Background technique

The pressure coupled characteristic of composite propellant, as affecting one of key factor of combustion instability in solid propellant rocket, is subject to domestic and international researcher's attention always.For solid propellant, pressure coupled characteristic characterizes with pressure coupling response function conventionally, and pressure coupling response function needs measurement means by experiment to obtain.At present, experiment test adopts T-shaped burner method more.The main feature of T-shaped burner is that jet pipe is driveed the neutral position in firing chamber, can reduce like this acoustical energy losses, easily excites vibration.T-shaped burner adopts tubular combustion chamber conventionally, in burner ends, two propellant agents that are of uniform thickness is installed respectively, and it is lighted simultaneously, makes so whole combustion surfaces be in identical acoustic environment.Under perfect condition, two propellant agents have burnt simultaneously.In the time there is the axial acoustic pressure vibration shape, the pressure oscillation amplitude maximum of the each order frequency in T-shaped burner two ends, with the gain maximum of propellant combustion coupling generation.And the acoustic velocity at two ends, lateral flow speed and mean velocity are 0, thereby peel off the impact of speed coupling response.The axial mode oscillation frequency that T-shaped burner can be measured depends primarily on burner length L, and the temperature T f of products of combustion, and its representation is f=na/L.Wherein n is acoustic mode state number, and a is the local velocity of sound in motor, relevant with Tf.Under normal circumstances, according to the acoustic pressure oscillation mode in T-shaped burner, can carry out pressure measurement at burner two ends and middle three positions, place, according to pressure change situation, can obtain corresponding oscillation frequency.
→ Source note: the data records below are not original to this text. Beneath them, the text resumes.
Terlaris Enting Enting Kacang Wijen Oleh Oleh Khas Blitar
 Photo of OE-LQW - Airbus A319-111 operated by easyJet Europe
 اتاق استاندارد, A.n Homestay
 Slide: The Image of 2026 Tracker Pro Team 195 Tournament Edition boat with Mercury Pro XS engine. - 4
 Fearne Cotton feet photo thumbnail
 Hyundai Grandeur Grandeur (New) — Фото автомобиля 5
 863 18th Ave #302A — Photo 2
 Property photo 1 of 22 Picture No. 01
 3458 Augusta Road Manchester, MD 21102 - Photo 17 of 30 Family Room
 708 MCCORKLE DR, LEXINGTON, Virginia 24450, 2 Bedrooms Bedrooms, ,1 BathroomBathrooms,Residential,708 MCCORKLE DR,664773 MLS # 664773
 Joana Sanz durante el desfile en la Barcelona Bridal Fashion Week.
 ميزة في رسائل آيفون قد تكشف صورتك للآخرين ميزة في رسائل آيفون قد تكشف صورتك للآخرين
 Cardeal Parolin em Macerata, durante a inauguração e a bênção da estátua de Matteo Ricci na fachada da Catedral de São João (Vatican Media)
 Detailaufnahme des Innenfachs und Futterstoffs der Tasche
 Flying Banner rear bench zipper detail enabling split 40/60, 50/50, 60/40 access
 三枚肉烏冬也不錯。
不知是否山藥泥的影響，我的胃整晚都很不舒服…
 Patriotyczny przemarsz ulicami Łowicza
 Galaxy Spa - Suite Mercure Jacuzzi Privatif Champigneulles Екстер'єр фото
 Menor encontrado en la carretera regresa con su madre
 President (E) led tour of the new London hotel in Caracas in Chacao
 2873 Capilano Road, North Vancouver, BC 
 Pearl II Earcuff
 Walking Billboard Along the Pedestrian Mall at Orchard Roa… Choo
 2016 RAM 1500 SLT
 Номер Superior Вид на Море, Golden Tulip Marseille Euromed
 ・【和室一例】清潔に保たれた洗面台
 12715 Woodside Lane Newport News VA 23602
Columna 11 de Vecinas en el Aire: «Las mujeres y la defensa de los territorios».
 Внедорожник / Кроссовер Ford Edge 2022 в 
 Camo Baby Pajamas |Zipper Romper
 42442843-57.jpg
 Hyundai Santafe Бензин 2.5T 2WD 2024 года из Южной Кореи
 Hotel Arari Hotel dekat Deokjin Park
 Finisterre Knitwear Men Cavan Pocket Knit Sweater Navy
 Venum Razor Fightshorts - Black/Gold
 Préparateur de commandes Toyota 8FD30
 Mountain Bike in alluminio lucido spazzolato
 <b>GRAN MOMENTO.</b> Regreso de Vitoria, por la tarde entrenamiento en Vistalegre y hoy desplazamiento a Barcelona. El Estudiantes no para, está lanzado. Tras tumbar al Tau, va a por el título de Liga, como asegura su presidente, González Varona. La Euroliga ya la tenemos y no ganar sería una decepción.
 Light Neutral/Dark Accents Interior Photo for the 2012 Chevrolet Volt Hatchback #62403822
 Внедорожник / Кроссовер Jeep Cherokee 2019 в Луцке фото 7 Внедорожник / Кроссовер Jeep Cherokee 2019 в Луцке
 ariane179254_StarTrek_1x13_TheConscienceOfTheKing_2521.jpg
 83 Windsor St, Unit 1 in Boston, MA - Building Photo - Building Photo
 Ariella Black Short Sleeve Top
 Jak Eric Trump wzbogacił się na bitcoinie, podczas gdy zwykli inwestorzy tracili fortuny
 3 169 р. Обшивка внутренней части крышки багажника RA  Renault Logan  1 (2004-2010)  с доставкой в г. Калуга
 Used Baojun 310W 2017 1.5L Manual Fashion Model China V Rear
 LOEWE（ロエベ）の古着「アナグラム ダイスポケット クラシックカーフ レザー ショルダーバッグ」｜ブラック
For the solid propellant of metal-containing particle not, T-shaped burner self easily produces self oscillations phenomenon, can measure preferably propellant agent pressure coupling response function.But for the composite propellant that contains a large amount of metallics, due to the existence of the solidifying phase particle damping of products of combustion, make experimental system produce comparatively difficulty of self oscillations, thereby can not accurately measure the pressure coupling response function of propellant agent.Therefore, can not produce under self-oscillatory prerequisite at T-shaped burner, propose the method for external pulse excitation.By igniting time sequence control device, adopt " secondary pulse process ", respectively in T-shaped burner propellant combustion process and propellant agent just carried out pulsed excitation when finishing combustion, thereby make T-shaped buner system produce vibration, can obtain propellant agent pressure coupling response function according to oscillatory extinction situation.

Normal conditions, propellant burning time relatively short (being about 1-2s) in T-shaped burner, as shown in Figure 1.For original igniting time sequence control device, two-way ignition channel, fire signal time lag precision 1s, within the so short time, will complete propellant fire and two-way pulser is far from being enough in given different moment igniting triggering control.Therefore, developing a kind of igniting time sequence control device that can accurately control propellant fire time and pulser triggering moment is prerequisite and the basis of the T-shaped burner pressure coupling response function of research.

Summary of the invention

The technical problem solving

For fear of the deficiencies in the prior art part, the present invention proposes a kind of multichannel solid propellant rocket igniting sequential control method, is applied to the T-shaped burner measuring device of impulse Excitation Method for Frequency.

Technological scheme

A kind of multichannel solid propellant rocket igniting sequential control method, the T-shaped burner measuring device of employing impulse Excitation Method for Frequency, two propellant agents that are of uniform thickness are arranged on the two ends of firing chamber, it is characterized in that concrete time-oriented sequential control step is as follows:

Step 1: start the ignition switch of two propellant agents simultaneously, to trigger the ignition channel of T-shaped burner two ends propellant agent simultaneously, the propellant agent at T-shaped burner two ends is lighted a fire simultaneously, and to trigger the moment as lighting a fire this moment;

Step 2: trigger the moment in igniting and postpone when 10ms, the combustion chamber pressure of pressure transducer and critical pressure value to be carried out to Boolean calculation, when combustion chamber pressure value is continuous while being all greater than critical pressure value 3 times, judge that T-shaped burner lights a fire successfully;

Step 3: then postpone the T1 time, trigger the ignition channel of the arbitrary end of T-shaped burner measuring device, form first via pulse triggering;

Step 4: postpone again the T2 time, trigger the ignition channel of the T-shaped burner measuring device the other end, form the second tunnel pulse triggering;

Step 5: after four ignition channels are successfully lighted a fire, closing passage power supply.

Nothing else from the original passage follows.